08 juin 2007
Manega, musée de la bendrologie
- Ma chérie ? Ce week-end, on va au musée de la
bendrologie !
- La bendrologie ? Qu’est-ce que c’est ?
- Ben, je sais pas… il parait que ça a à voir avec
l’histoire du Burkina et plus particulièrement des rites ancestraux !
une cinquantaine de km, nous arrivons dans
le domaine de Maître Pacéré. Cet avocat burkinabé a décidé de regrouper dans
son musée personnel des fragments du passé animiste de son pays. Pour cela, il
a écumé les régions, allant jusque dans les plus reculés des villages pour
demander aux anciens l’autorisation d’exposer d’ex-objets sacrés de culte.
La 1ère salle du musée nous transporte dans l’histoire de l’ethnie mossi et de la princesse Yennenga. De nombreux bracelets, des vêtements, des parures de guerre et des objets en bronze retracent leurs 1ers pas.
Le plus impressionnant restera sans doute le pavillon de la
mort dans lequel on n’entre qu’à reculons. Il y règne un silence pesant, à
l’image de tous ces objets funéraires qui ont accompagnés bien des hommes
illustres dans leur dernière demeure.
On visitera même des habitats typiques peul, mossé ou dioula.

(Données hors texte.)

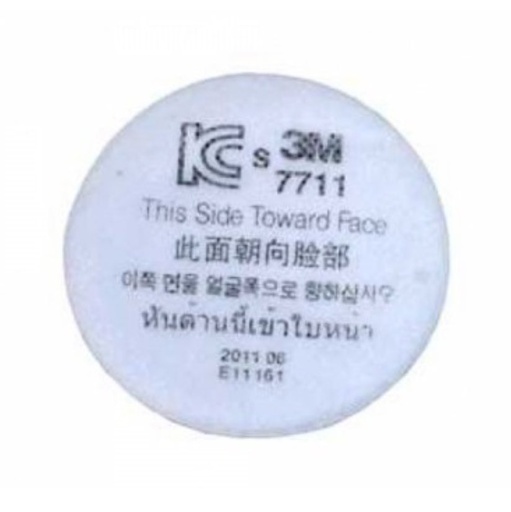 Filter 3M 7711 (1000 Pcs/Carton) use with filter retainer 3M 774, use for 3M mask 1 filter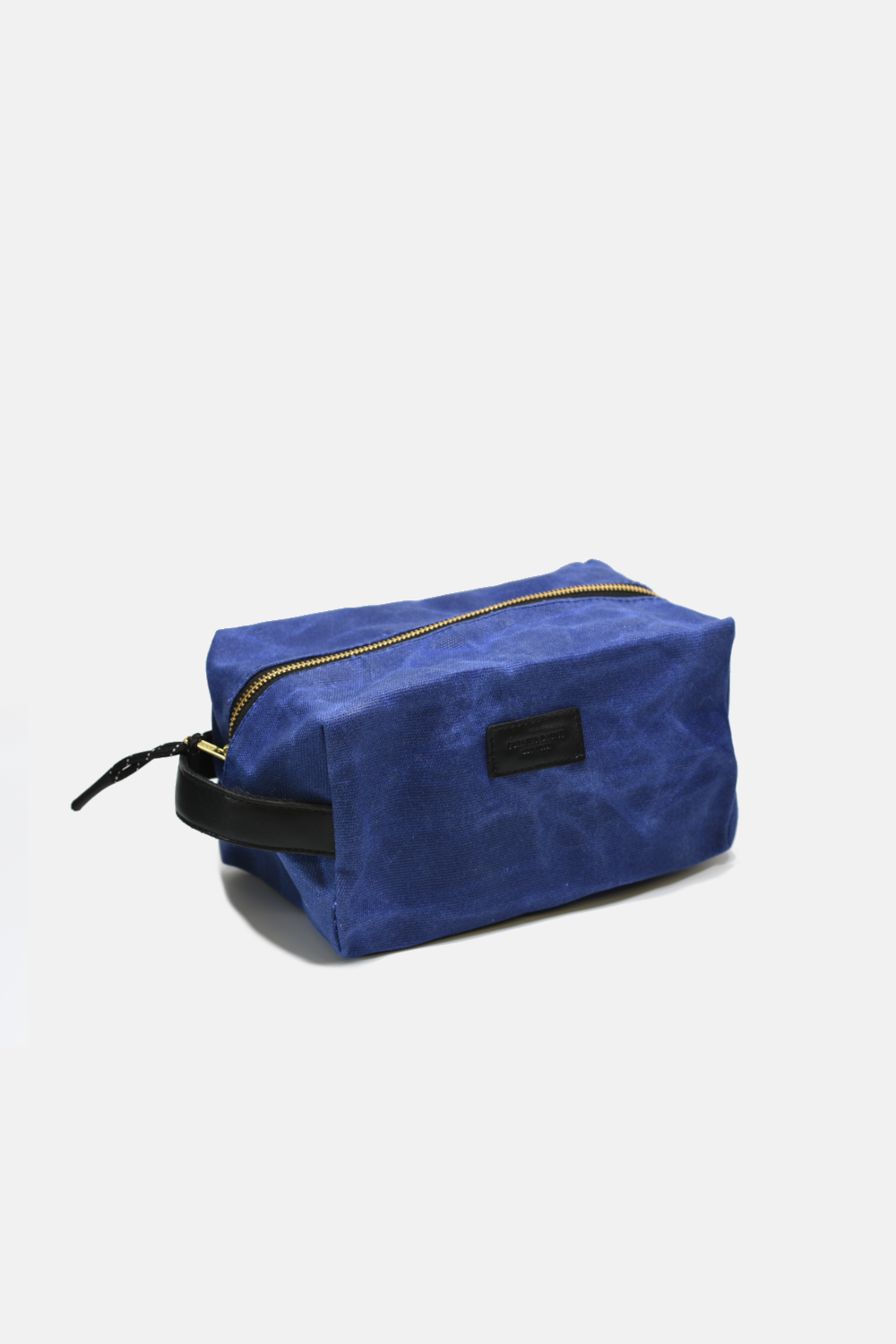 Waxed Canvas Toiletry Bag 2.0: Blue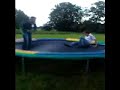 Joep op de trampoline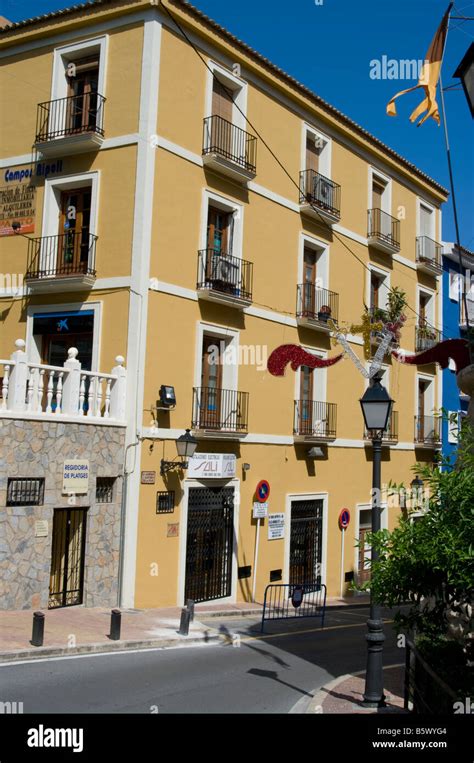 Villajoyosa Spanish apartment apartments Spain Stock Photo - Alamy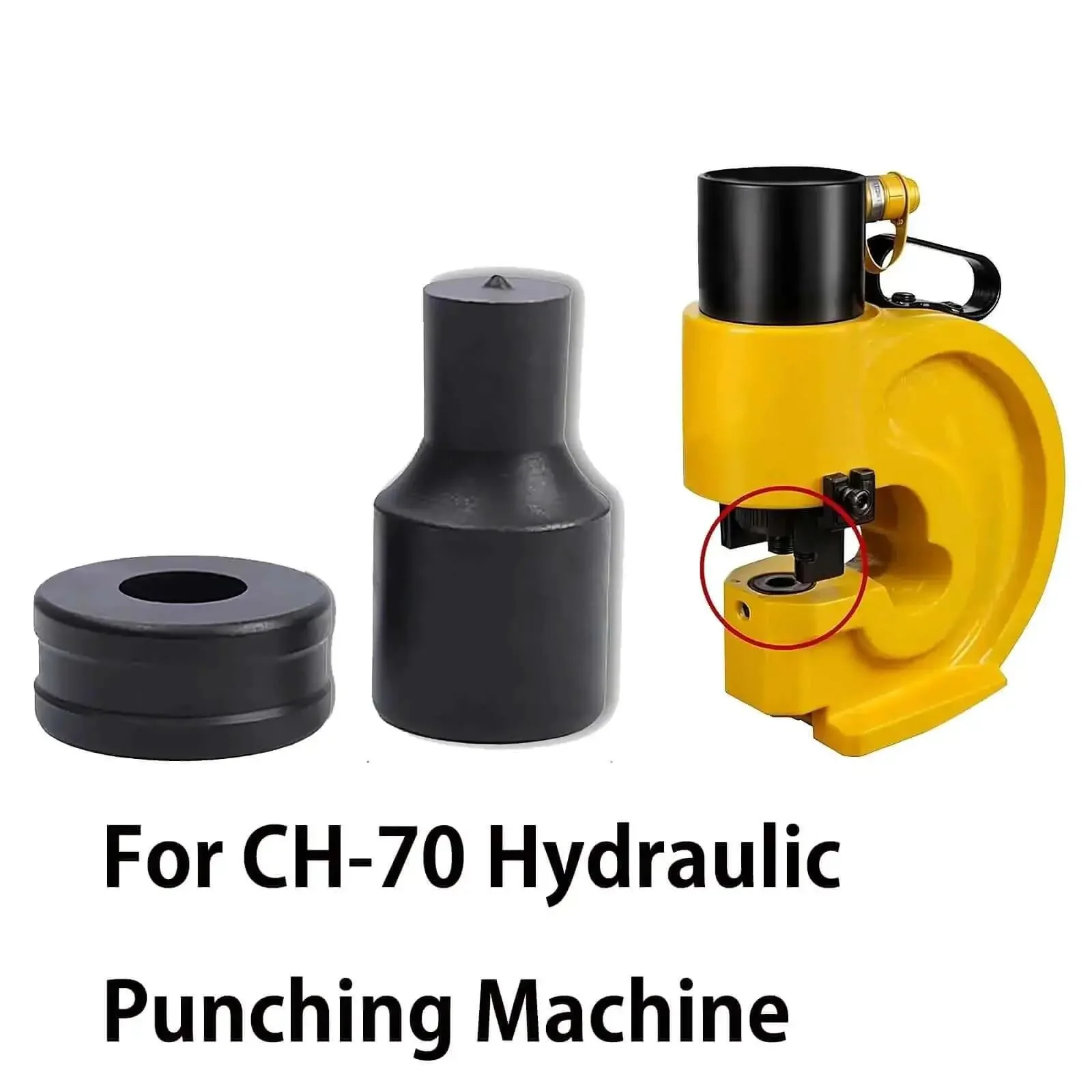 Single Hole Punch Die Set For Hydraulic Punch Tool Compatible With CH 70 Machines Built Tough Heavy Duty Metal Punching Dies Made From Heat Treated Alloy Steel For Long Lasting Reliable Performance - Image 4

De quoi nous donner envie d’en apprendre plus sur ces ethnies, si différentes les unes des autres et qui, pourtant, se mêlent et mélangent pour donner au Burkina force, cohésion et hospitalité.
11 décembre 2006
Batik et bogolan
Les tissus décoratifs foisonnent en afrique. Au Burkina, on trouve 2 type de tissu : les batiks et les bogolans.
C’est un carré de tissu de coton fin fabriqué dans les pays voisins et importé au Burkina. La technique de décoration du tissu se fait à l’aide de cire, étalée au pinceau, qui permet de définir le contour des dessins. L’étoffe est ensuite trempée dans un bain de couleur qui va imprégner le tissu sur les zones non cirées. La cire est ensuite grattée, laissant apparaître les zones blanches du dessin. Si l’artiste veut mettre plusieurs couleurs, il devra d’abord recouvrir toutes les zones qui n’auront pas cette couleur, par de la cire. Puis il doit gratter la cire là où doit être mise une autre couleur et redéposer une couche de cire sur les zones déjà teintées.
Au final, les batiks, de par leur finesse, sont plus utilisés pour la décoration des murs.
Qu’est-ce que le bogolan ?
Le bogolan est une étoffe tissée au Burkina par les femmes. Elle se présente sous la forme d’une longue bande de gros coton, de 7cm de largeur. Les bandes sont ensuite cousues entre elles pour former un drap plus ou moins large. Le tissu blanc est ensuite trempé dans des bains de couleur à base de plantes ou de pierre broyées. Le drap est décoré avec un mélange d’argile noire soit au pinceau, soit à l’aide de pochoirs.
Au final, les bogolans peuvent être accrochés au mur (mais sont assez lourds !) ou être utilisés pour recouvrir les fauteuils car ils sont très résistants.